Le bruit du portail qui s’ouvre attire mon attention et le cœur battant je reviens sur mes pas pour voir Jomo garer un 4x4 noir juste devant la mienne. Mon cerveau disjoncte et des circuits se créer rapidement pour en sortir un plan de sauvetage. Il descend avec Trois gaillards à sa suite. Je ferme la porte avec un cri plaintif et ordonne aux enfants d’aller s’enfermer sur la terrasse. 


- Ouvre cette porte Belinda. Je savais que c’était toi qui étais derrière de toute cette merde. 


La vitre qui nous sépare me laisse entrevoir une image assez floue de lui.  


- Qu’est-ce que tu viens foutre ici, tu n’es pas le bienvenu chez moi. 


Ma voix vibre de toutes les mauvaises ondes qui me parcourent l’échine. Bon Dieu, comment a-t-il put savoir… Si vite. Seul le silence dans la maison me répond. Aba ! Seigneur. Je porte une main à ma gorge en me souvenant que je ne l’ai pas vu depuis que je suis arrivée. Je l’ai laissé en partant et là je ne le vois nulle part. Et si c’était lui, ce ne serait que logique. Il est l’employé d’Uhu. Comment ai-je put continuer d’être aussi bête. 


- Ouvre cette porte salope. 


Il frappe de coups violents et la grande vitre vibre dangereusement. 


- Je vais appeler la police. Va-t’en !

- Avant qu’ils n’arrivent, j’aurai eu le temps de tout casser et de vous mettre la main dessus. 


Mon regard va de gauche à droite à la recherche d’un objet assez solide pour que je puisse nous défendre, mais je ne vois rien de suffisamment lourd sans que je ne ploie sous son poids.


- Belinda, je veux juste le garçon.

- Jamais !

- Ne joue pas les héroïnes, tu ne peux rien contre nous à toi toute seule. Nous sommes armés. 


Il a raison, mais mieux vaut encore mourir que de le reconnaitre.


- Vous ne me faites pas peur. 


Je fourrage dans mon sac à main et récupère mon téléphone.
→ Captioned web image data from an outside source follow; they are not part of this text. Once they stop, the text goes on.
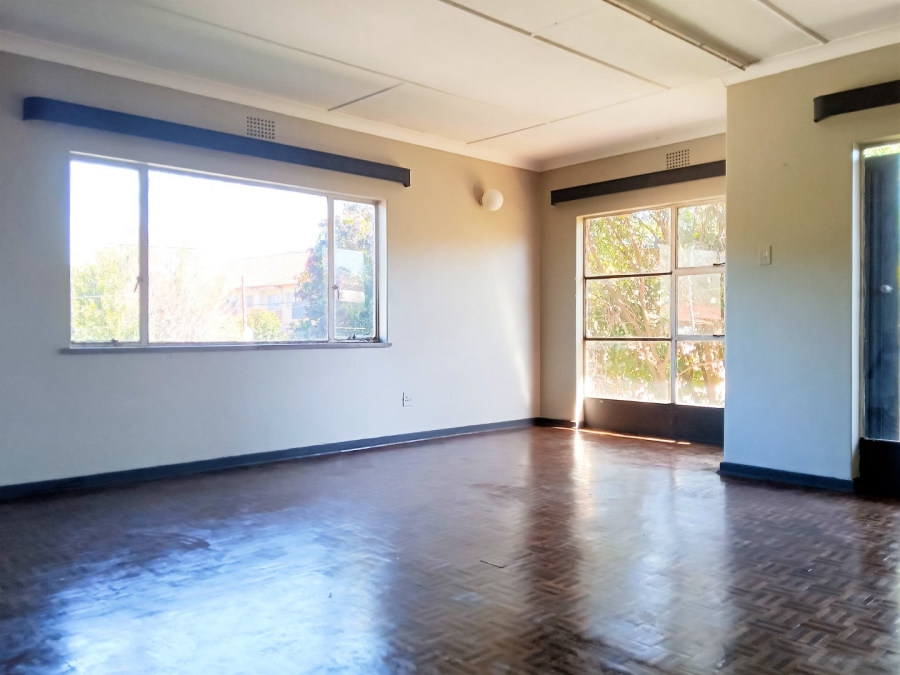 To Let 1 Bedroom Property for Rent in Florida Gauteng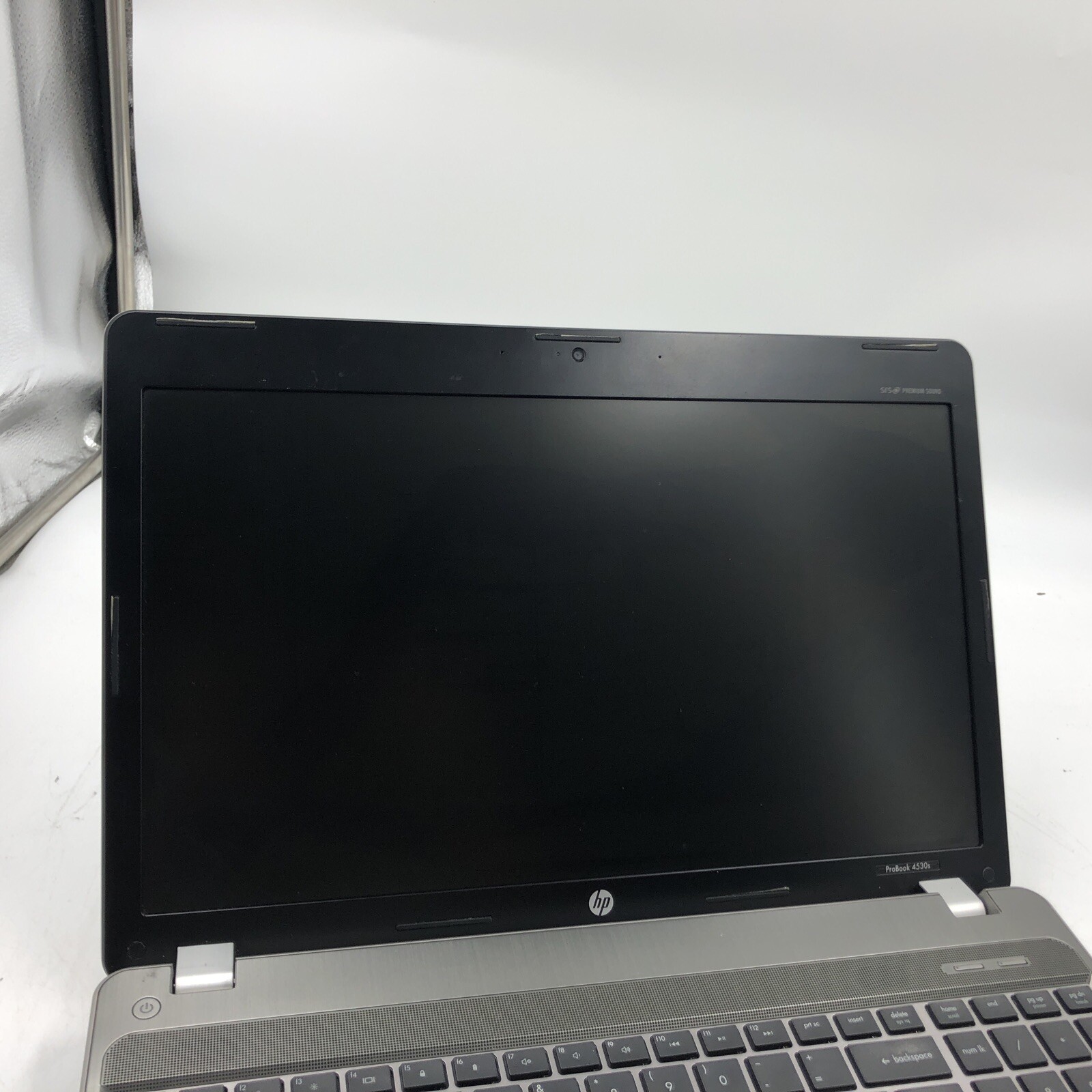 HP Probook 4530S Laptop Unknown CPU 8GB 500GB HDD NO OS Cracked Screen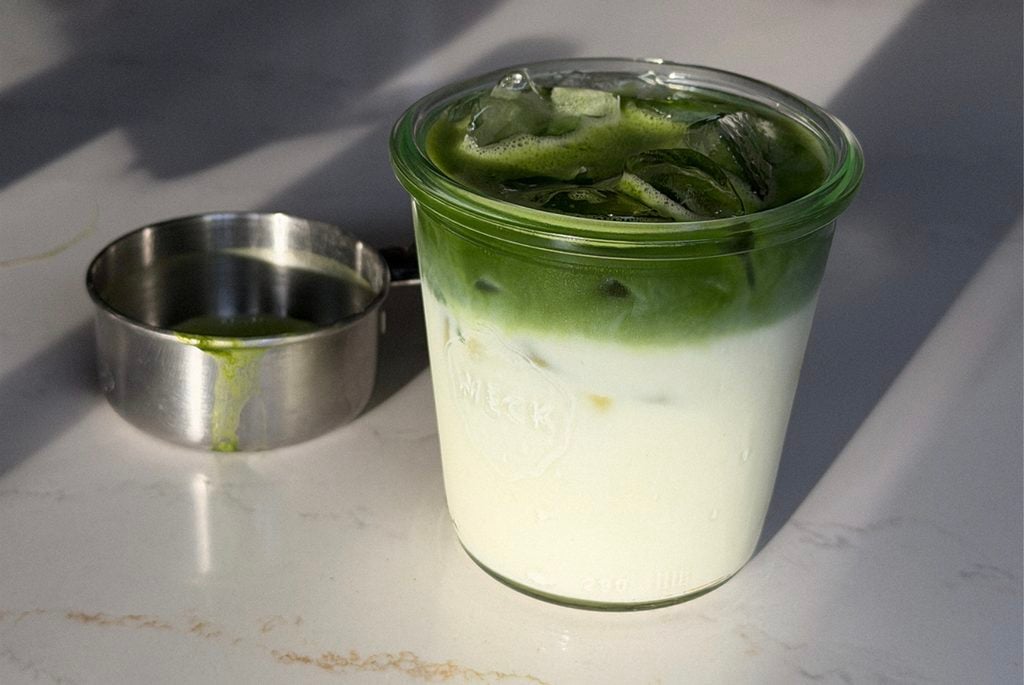 Šalta matcha latte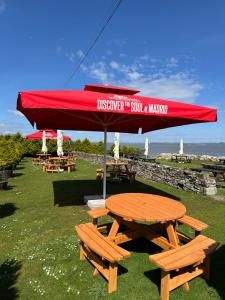 The Auld Byre - by the Beach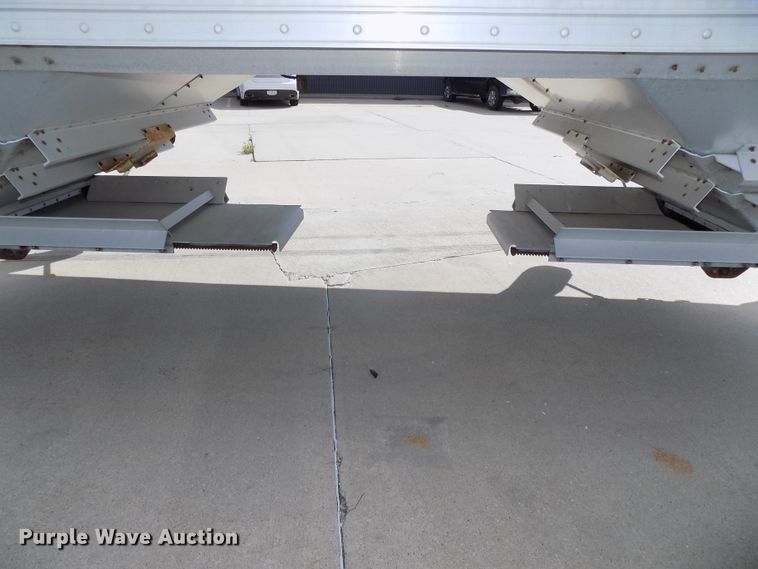 image for item DG2433 2015 Timpte Super Hopper T5062S double hopper bottom grain trailer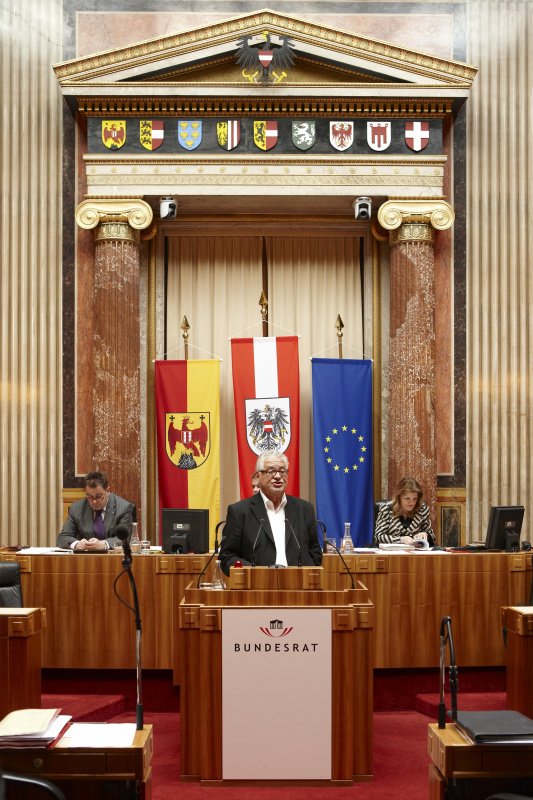 Johann Kraml, Bundesrat der SPÖ, am Rednerpult. Im Hintergrund v.li. Josef Saller - Schriftführer. Dienst am Präsidium Dr.in Alice Alsch-Harant.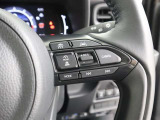 【レーダークルーズコントロール(追従機能付)】アクセルを踏まなくても、車間制御モードは、先行車に合わせた追従走行を行い、自動的に加速・減速・停止をします。定速制御モードは、一定の車速で走行できます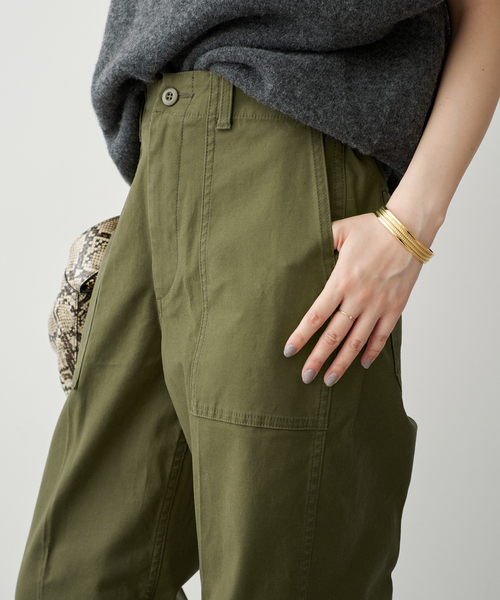 Spick & Span(スピックアンドスパン)の「《WEB限定カラー有り》バックサテンストレッチベイカーパンツ(カーゴパンツ・レディース・カーキ/ブラウン/ベージュ・38/36/34/40)」の7枚目の写真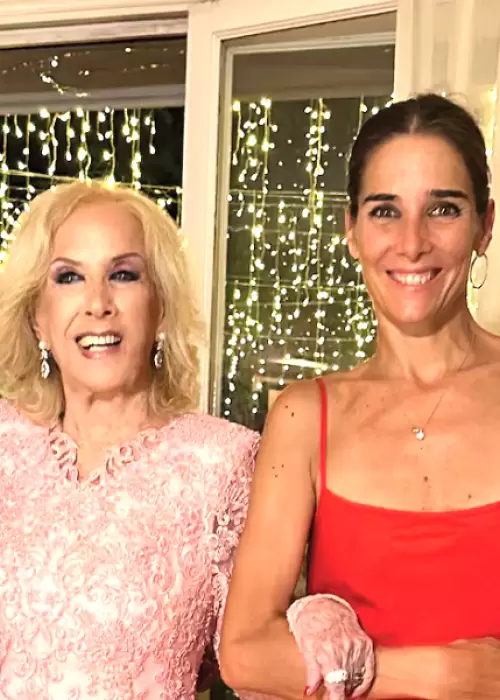 Marcela, Mirtha, Juanita y Nacho antes de la crisis familiar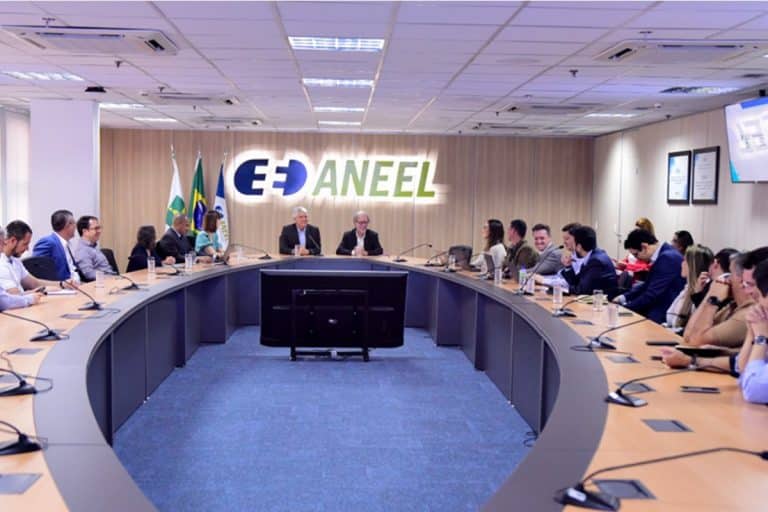 ANEEL realizou estudo de impactos no setor elétrico brasileiro por novas tecnologias, como a blockchain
Je lance l’appel au commissaire de police qui avait mené l’enquête il y a 2 semaines. Je m’applique à parler d’une voix assez forte pour les obliger à décamper. 


- Je t’aurai sale chienne. Tu vas regretter tout ça. 


Il donne un dernier coup sec à la porte et je vois les silhouettes s’éloigner. Je vais à la recherche des enfants et on va attendre l’arrivée des éléments de police dans ma chambre. Le téléphone de Aba ne passe pas, et je me demande où il a bien pu disparaitre.